Caiy was aggrieved because he was going to have to ride up to them pillion, but he knew better now than to try managing Negra alone. He maybe didn't want to pretend she was his horse in any case.
As we pottered up the pebbled track to the gate, he sprang off and strode forward, arriving before me, and began to speak.
When I got closer I heard him announcing, in his dramatic, beautiful voice,
"—And if it's a fact, I swear by the Victory of the Light that I will meet the thing and kill it."
They were muttering. The dragon smell, even though we were used to it, sodden with it, seemed more acid here. Poor Negra had been voiding herself from sheer terror all up the path. With fortune on her side, there would be somewhere below ground, some cave or dug out place, where they'd be putting their animals out of the dragon's way, and she could shelter with the others.
Obviously, the dragon hadn't always been active in this region. They'd scarcely have built their village if it had. No, it would have been like the tales. Dragons live for centuries. They can sleep for centuries, too. Unsuspecting; man moves in, begins to till and build and wax prosperous. Then the dormant dragon wakes under the hill. They're like the volcanoes I spoke of, in that. Which is perhaps, more than habitat, why so many of the legends say they breathe fire when they wake.
The interesting thing was, even clouded by the dragon stink, initially, the village didn't seem keen to admit anything.
Caiy, having made up his mind to accept the dragon—and afraid of being wrong—started to rant. The men at the gate were frightened and turning nasty. Leading Negra now, I approached, tapped my chest of potions and said:
"Or, if you don't want your dragon slain, I can cure some of your other troubles. I've got medicines for almost
everything. Boils, warts. Ear pains. Tooth pains. Sick eyes. Womens' afflictions. I have here—"
"Shut up, you toad-turd," said Caiy.
One of the guards suddenly laughed. The tension sagged.
Ten minutes after, we had been let in the gate and were trudging through the cow-dung and wild flowers—neither of which were to be smelled through the other smell—to the head-man's hall.
It was around two hours after that when we found out why the appearance of a rescuing champion-knight had given them the jitters.
It seemed they had gone back to the ancient way, propitiation, the scape-goat. For three years, they had been making an offering to the dragon, in spring, and at midsummer, when it was likely to be most frisky.
Anyone who knew dragons from a book would tell them this wasn't the way. But they knew their dragon from myth. Every time they made sacrifice, they imagined the thing could understand and appreciate what they'd done for it, and would therefore be more amenable.

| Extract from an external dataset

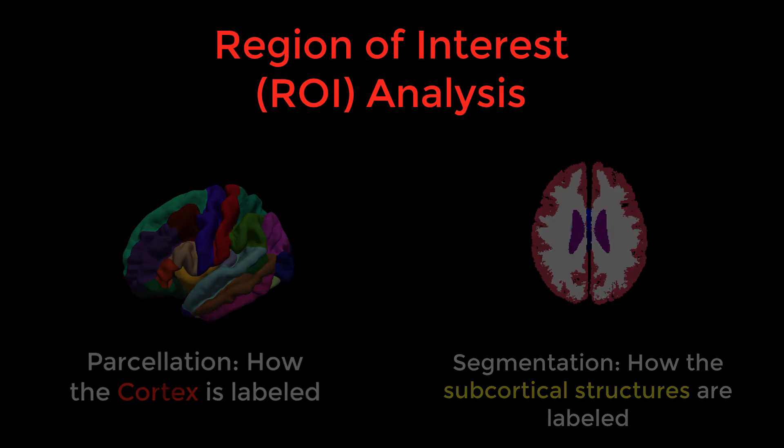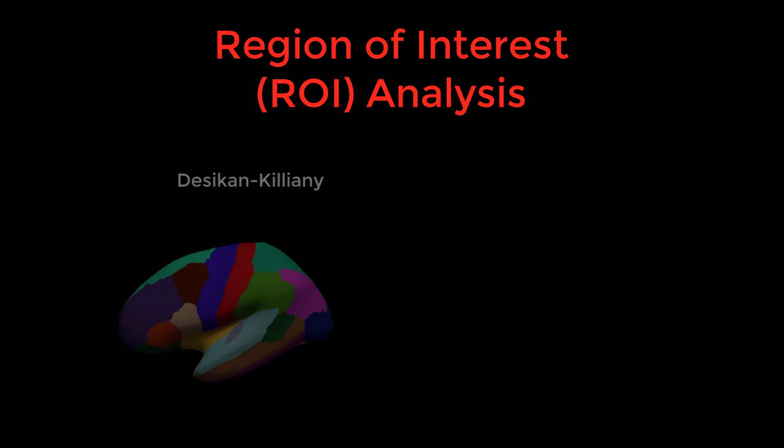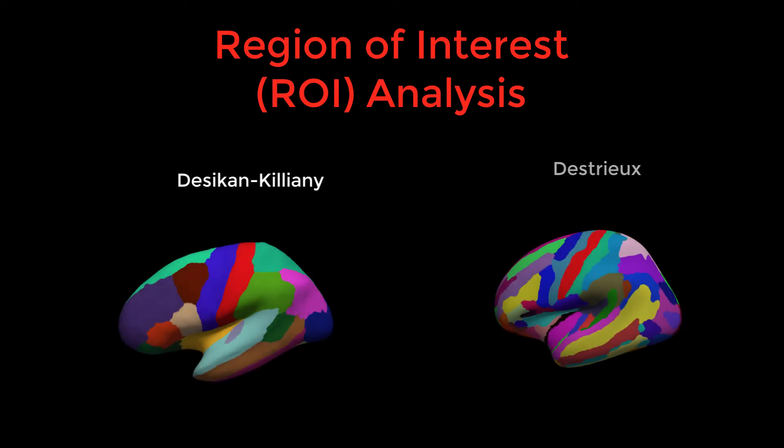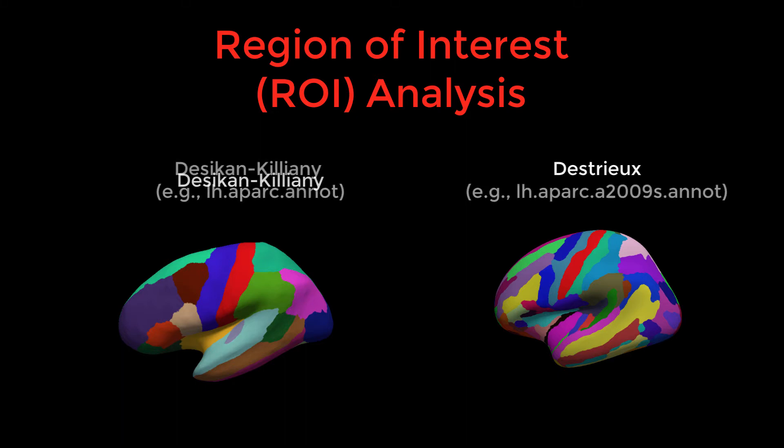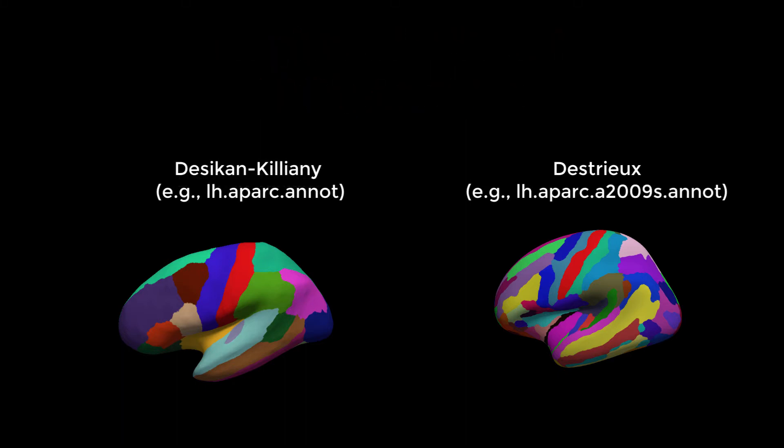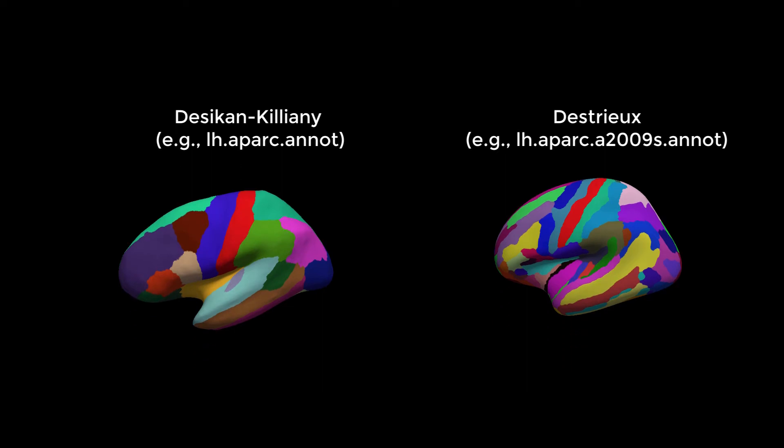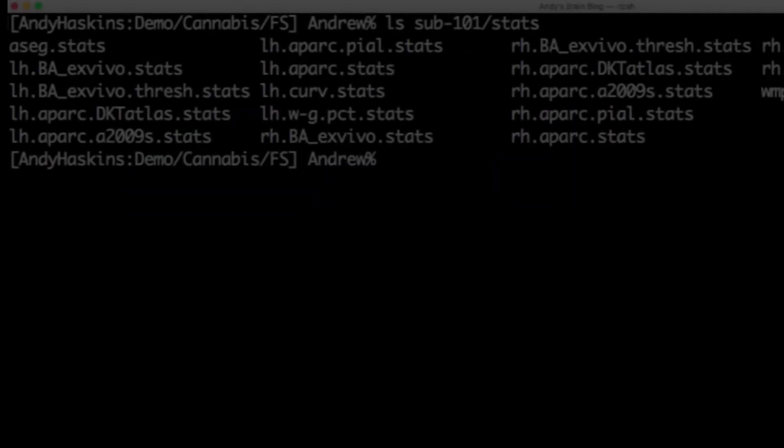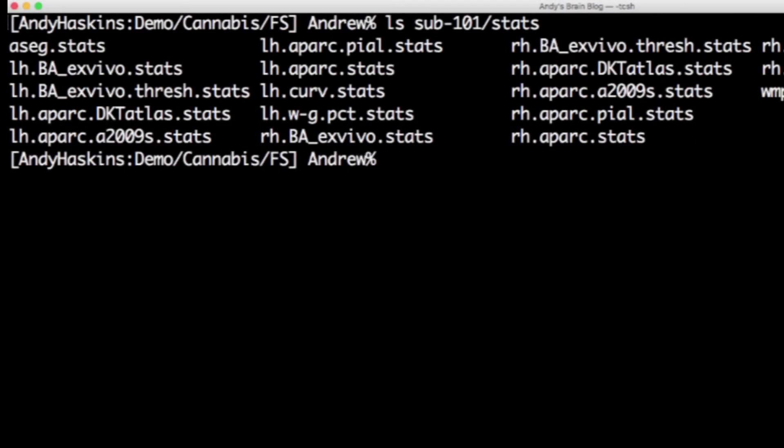This is based on two separate atlases: the Desikan-Killiany atlas and the Destrieux atlas. The parcellations can be found in the annotation files, which paint each brain region with a different color. Structural measurements have already been calculated in each of these atlas regions and stored in text files in the stats directory for each subject.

In reality, of course, the dragon had never attacked the village. It had thieved cattle off the pasture by night, elderly or sick cows at that, and lambs that were too little and weak to run. It would have taken people, too, but only those who were disabled and alone. I said, a dragon is lazy and prefers carrion, or what's defenceless. Despite being big, they aren't so big they'd go after a whole tribe of men. And though even forty men together undoubtedly couldn't wound a dragon, they could exhaust it, if they kept up a rough-house. Eventually it would keel over and they could brain it. You seldom hear of forty men going off in a band to take a dragon, however. Dragons are still ravelled up with night fears and spiritual mysteries, and latterly with an Eastern superstition of a mighty demon who can assume the form of a dragon which is invincible and—naturallybreathes sheer flame. So, this village, like many another, would put out its sacrifice, one girl tied to a post, and leave her there, and the dragon would have her. Why not? She was helpless, fainting with horror—and young and tender
into the bargain. Perfect. You never could convince them that, instead of appeasing the monster, the sacrifice encourages it to stay. Look at it from the dragon's point of view. Not only are there dead sheep and stray cripples to devour, but once in a while a nice juicy damsel on a stick. Dragons don't think like a man, but they do have memories.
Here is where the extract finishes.